Cooking/hot water is indispensable as the basis of productive household life. In terms of provinces, cooking/hot water energy consumption is significantly higher in SC and GD, which is strongly related to differences in cooking habits and behaviors of residents. This view was also confirmed in a study by (Hager and Morawicki, 2013).

In the analysis of influencing factors, HDD₁₈, CDD₂₆ and GPR show trends that affect cooking/hot water consumption. This indicates that climatic conditions influence regional variations in hot water demand (Meireles et al., 2022). The popularity of gas can make household cooking/hot water activities more convenient and promote energy consumption (NDRC, 2022). PSH exhibits a positive correlation with PECH, indicating that in cities with a higher proportion of single-person households, household cooking activities are more dispersed, resulting in increased energy consumption intensity.

4.2.2 Power

Similar to cooking/hot water, the household characteristics is an important factor in power consumption. PSH shows a positive correlation with the level of household energy consumption, while an increase in HS demonstrates a significant negative correlation with per capita energy consumption. Single-person households often imply higher per capita energy consumption. This also suggests that the reduction in household size and the increase in the number of single-person households have led to the growth in total households, thereby promoting the increase in energy consumption.

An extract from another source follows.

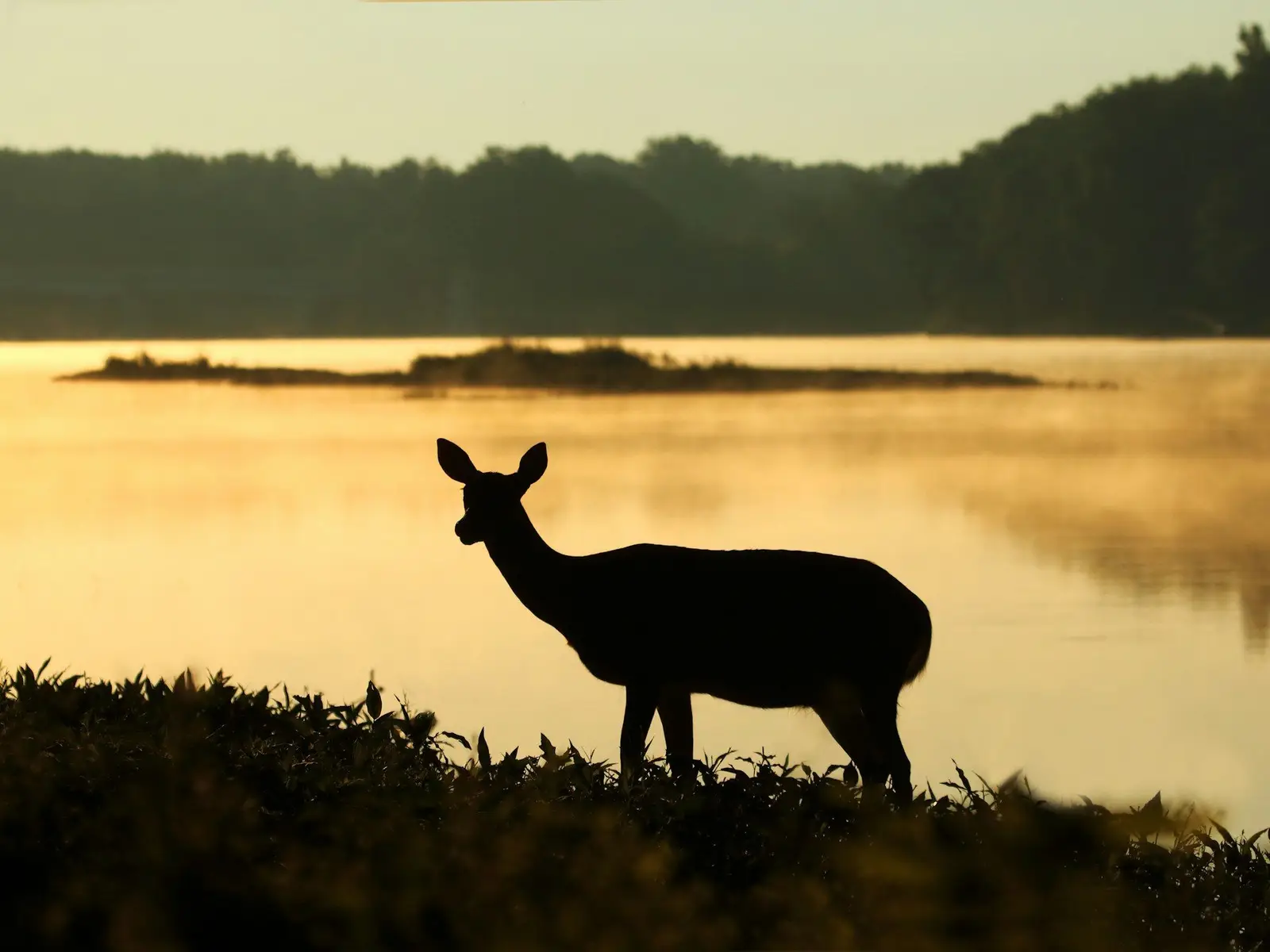 I like the way that a deer head at 3/4 view is such that when in silhouette, you can’t tell if she’s looking toward you jigsaw puzzle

The reasons for changes in family characteristics are multiple. Uneven economic development and population mobility are also significant factors contributing to this phenomenon. In regions such as ZJ, SH, GD, rapid economic development has attracted migrant workers. Single-person households account for nearly 30% of the total households in these areas, with household sizes lower than the national average. In contrast, in the northeastern regions, the outflow of a large number of employed individuals has exacerbated population aging, leading to an increase in single elderly households living alone (Liu et al., 2020). This is an important factor causing household downsizing. With social changes and shifts in family values, traditional notions of “four generations under one roof” and “three generations living together” have been abandoned. Additionally, the rise of individualistic thinking has contributed to smaller average household sizes. According to the data from the seventh National Population Census (NBS, 2021), the average household size in China dropped to 2.62 people, breaking the pattern of the “three-person household.”

Economic development and the level of urban development also have a significant impact on household power consumption (Huang and Matsumoto, 2021). PCI and PDI contribute to the growth in energy consumption with correlation coefficients of 0.798 and 0.81, respectively. This phenomenon is more pronounced in highly urbanized areas such as BJ and SH. Areas with higher levels of urban development tend to represent higher household incomes, and higher income elasticity promotes an increase in the types, penetration, and utilization of household appliances (Lei et al., 2022), which also changes the lifestyle and consumption habits of residents, and resulting in higher consumption demand. This also reflects how increasing the share of energy-efficient appliances is an important initiative to address environmental impacts in the era of household electrification (Baldini et al., 2018).

4.2.3 Heating and cooling

In the correlation coefficient analysis, a significant positive correlation was found between HDD₁₈ and PEH. Climate variation plays a crucial role in explaining the disparity in energy consumption for heating in urban households. Centralized thermal heating systems are prevalent in northern Chinese cities due to low winter temperatures and prolonged winter seasons, aimed at ensuring a comfortable indoor living environment (M. Fan et al., 2020), However, this feature also leads to high energy consumption levels.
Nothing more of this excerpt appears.